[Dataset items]
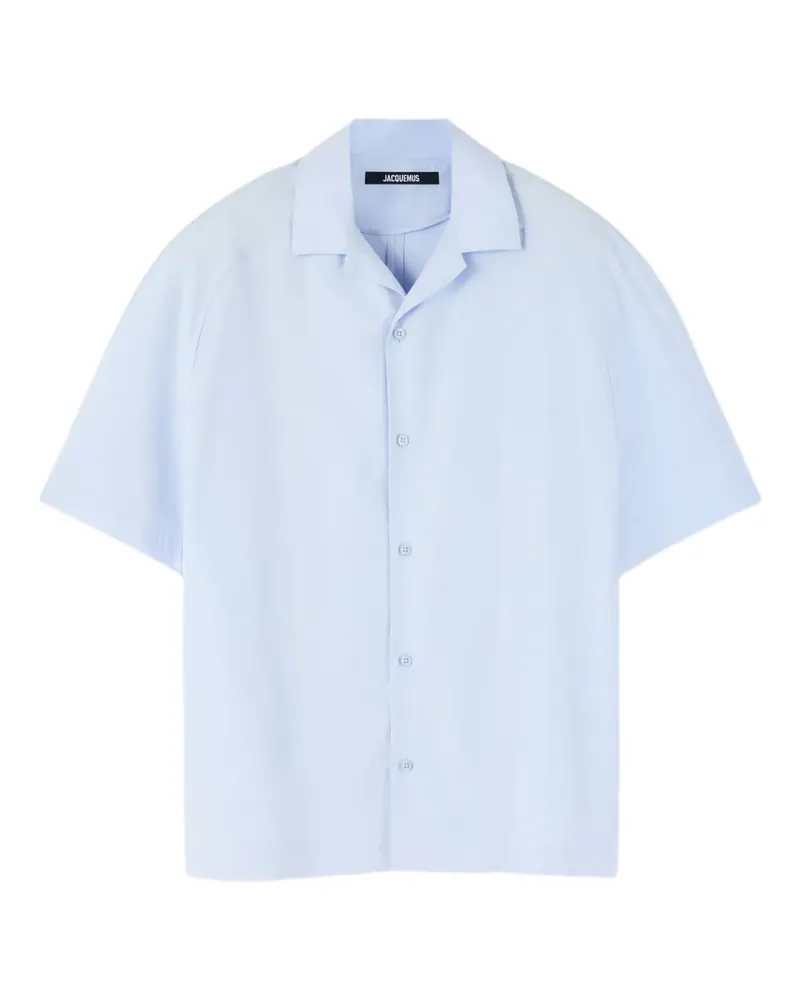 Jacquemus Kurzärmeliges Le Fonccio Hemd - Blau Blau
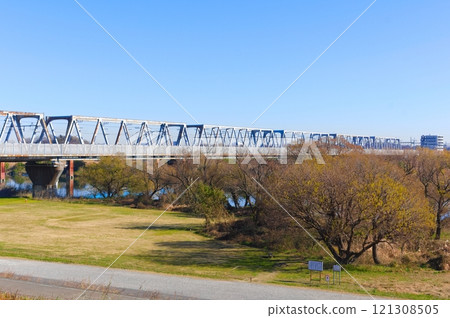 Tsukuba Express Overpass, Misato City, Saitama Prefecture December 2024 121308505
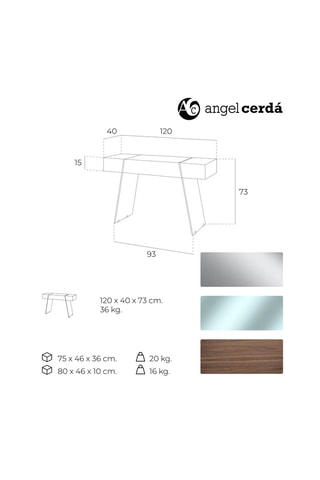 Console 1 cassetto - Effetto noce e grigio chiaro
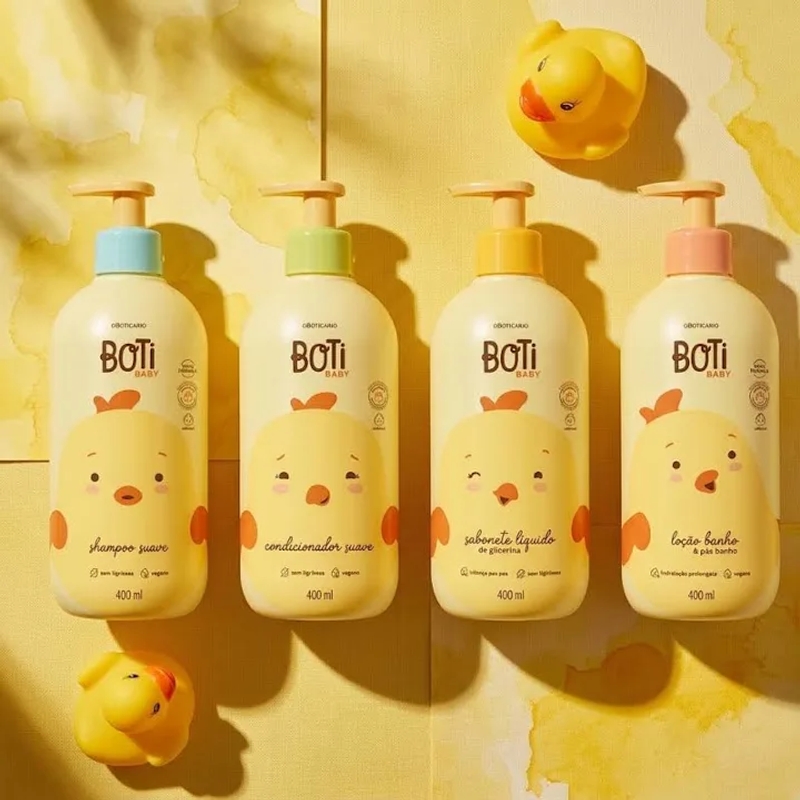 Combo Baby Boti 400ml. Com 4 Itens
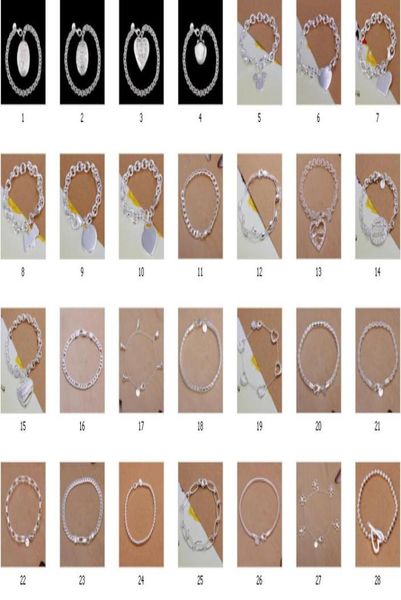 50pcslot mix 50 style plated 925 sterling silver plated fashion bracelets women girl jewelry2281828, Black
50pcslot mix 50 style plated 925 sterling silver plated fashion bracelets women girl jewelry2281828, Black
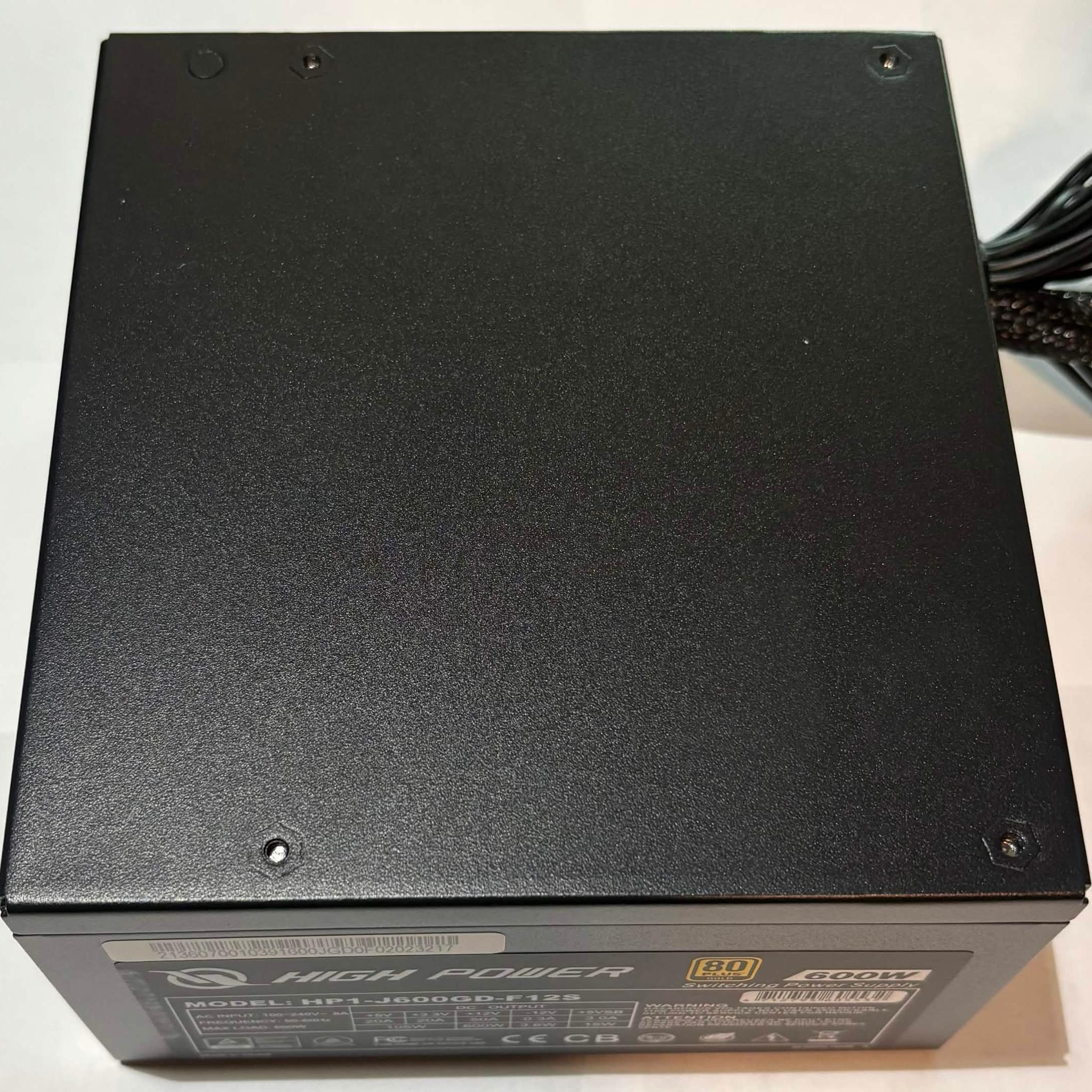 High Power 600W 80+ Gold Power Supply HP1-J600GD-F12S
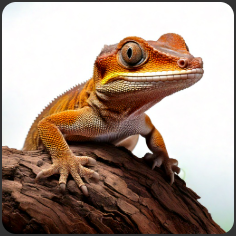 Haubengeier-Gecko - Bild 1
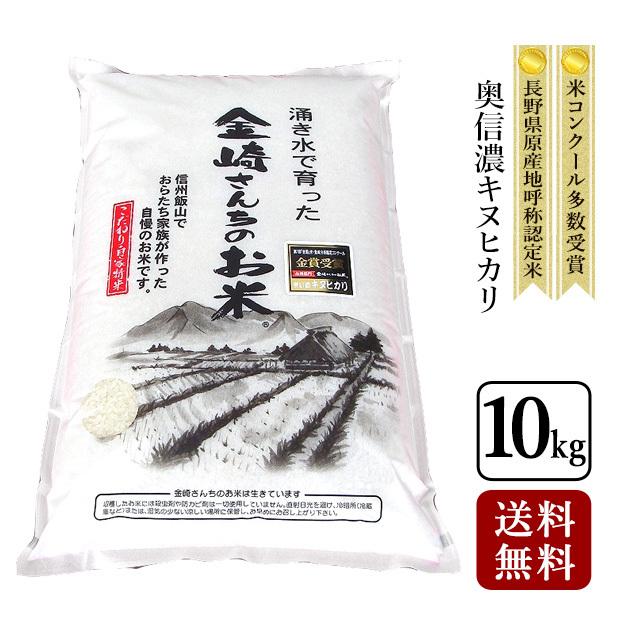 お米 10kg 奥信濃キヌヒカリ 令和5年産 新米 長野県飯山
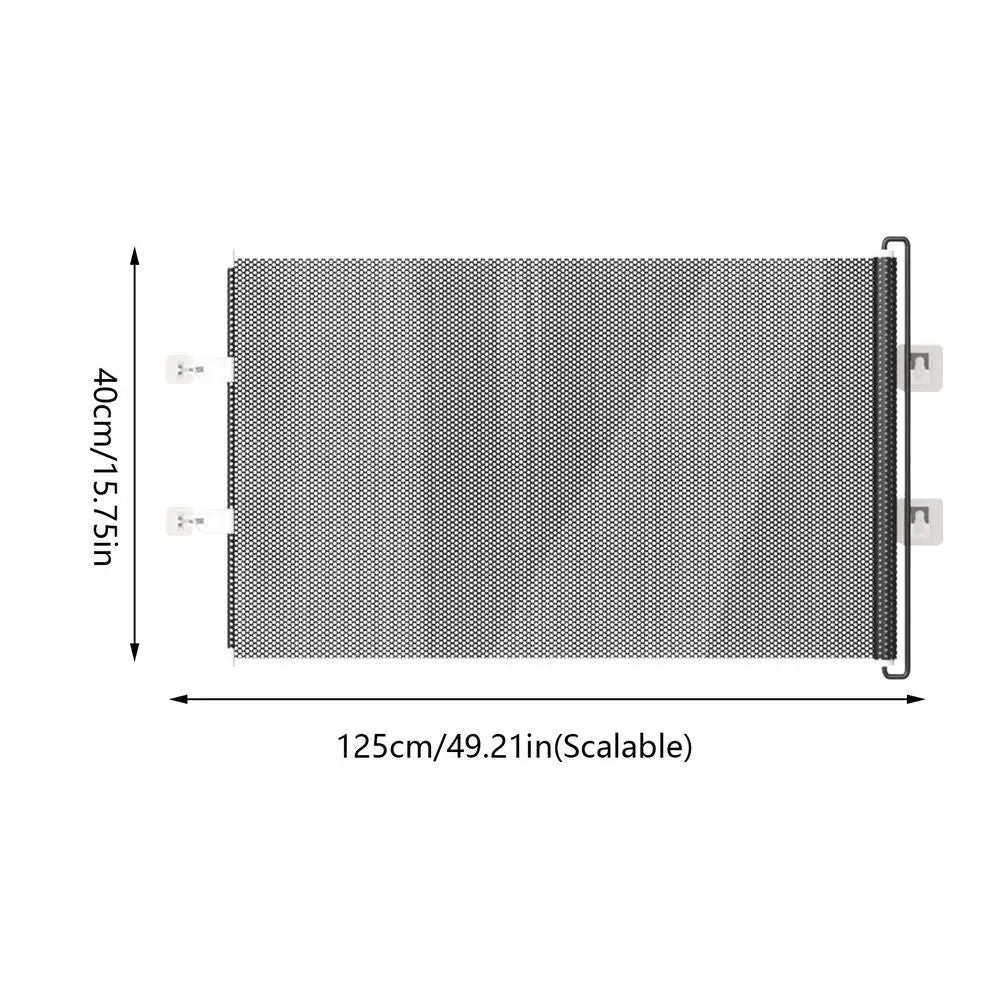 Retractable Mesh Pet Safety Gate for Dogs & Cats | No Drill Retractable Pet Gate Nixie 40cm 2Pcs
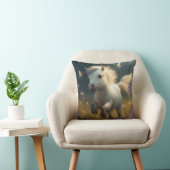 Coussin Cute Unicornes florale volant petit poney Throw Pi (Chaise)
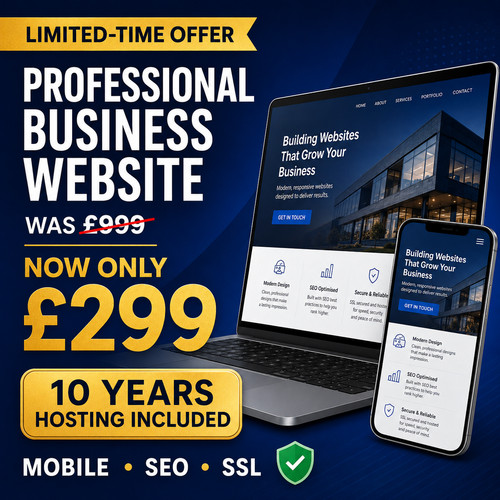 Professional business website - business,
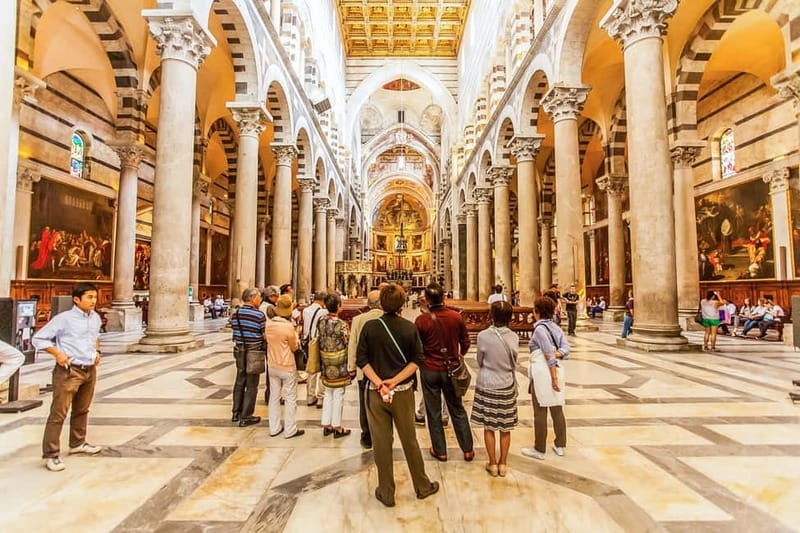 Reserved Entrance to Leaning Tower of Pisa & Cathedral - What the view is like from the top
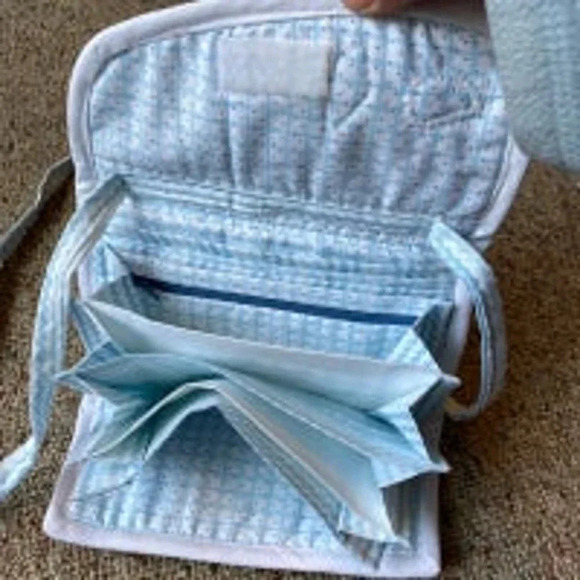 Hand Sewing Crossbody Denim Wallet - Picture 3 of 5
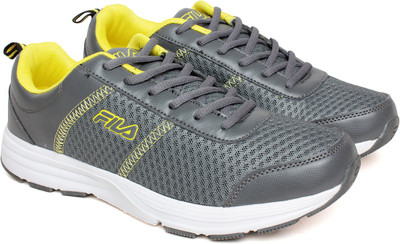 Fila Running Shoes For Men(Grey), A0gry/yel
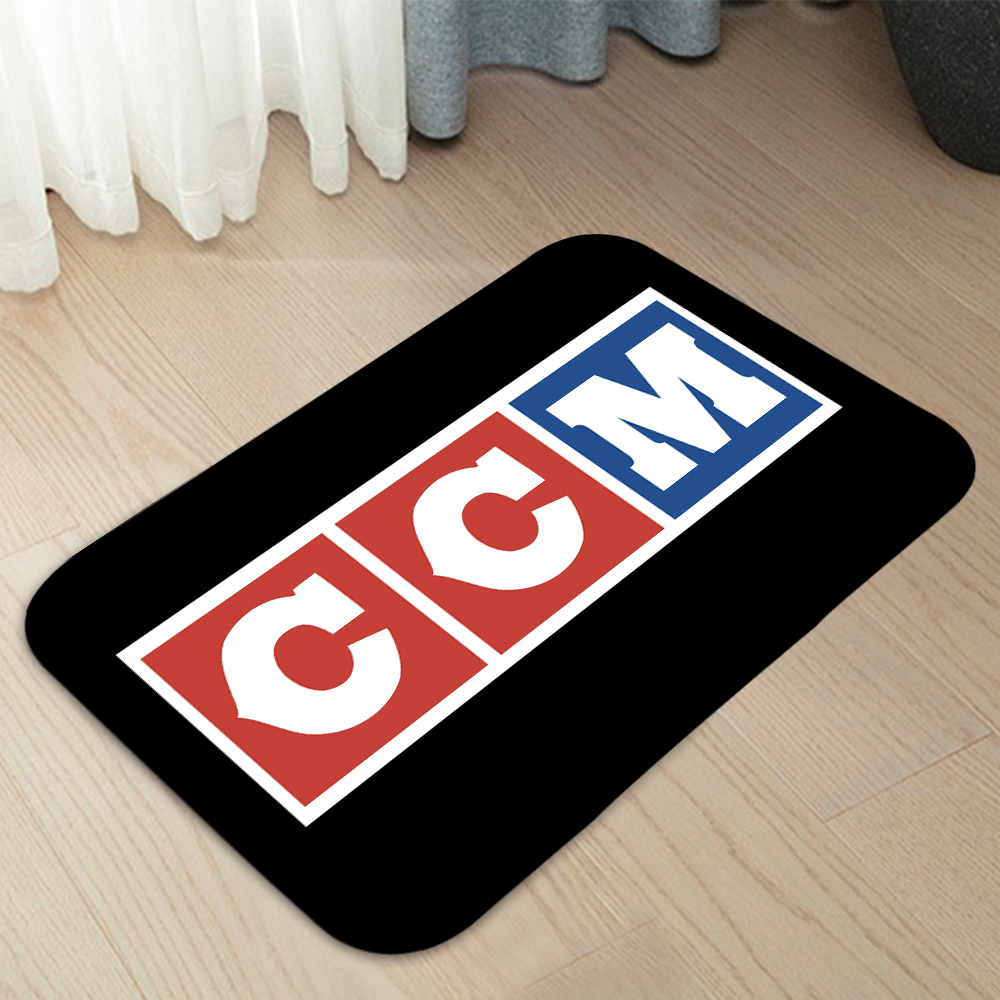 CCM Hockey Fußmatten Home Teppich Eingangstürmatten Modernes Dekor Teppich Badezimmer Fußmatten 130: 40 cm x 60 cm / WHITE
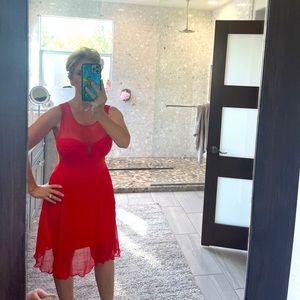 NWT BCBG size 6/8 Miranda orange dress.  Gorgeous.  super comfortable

● ACTIVITY:
Could you return all the entries exactly as they appear, minus the pictures?

● SOLVED PROBLEM:
 Jacquemus Kurzärmeliges Le Fonccio Hemd - Blau Blau
 Tsukuba Express Overpass, Misato City, Saitama Prefecture December 2024 121308505
 Console 1 cassetto - Effetto noce e grigio chiaro
 Combo Baby Boti 400ml. Com 4 Itens
 50pcslot mix 50 style plated 925 sterling silver plated fashion bracelets women girl jewelry2281828, Black
50pcslot mix 50 style plated 925 sterling silver plated fashion bracelets women girl jewelry2281828, Black
 High Power 600W 80+ Gold Power Supply HP1-J600GD-F12S
 Haubengeier-Gecko - Bild 1
 お米 10kg 奥信濃キヌヒカリ 令和5年産 新米 長野県飯山
 Retractable Mesh Pet Safety Gate for Dogs & Cats | No Drill Retractable Pet Gate Nixie 40cm 2Pcs
 Coussin Cute Unicornes florale volant petit poney Throw Pi (Chaise)
 Professional business website - business,
 Reserved Entrance to Leaning Tower of Pisa & Cathedral - What the view is like from the top
 Hand Sewing Crossbody Denim Wallet - Picture 3 of 5
 Fila Running Shoes For Men(Grey), A0gry/yel
 CCM Hockey Fußmatten Home Teppich Eingangstürmatten Modernes Dekor Teppich Badezimmer Fußmatten 130: 40 cm x 60 cm / WHITE
 NWT BCBG size 6/8 Miranda orange dress.  Gorgeous.  super comfortable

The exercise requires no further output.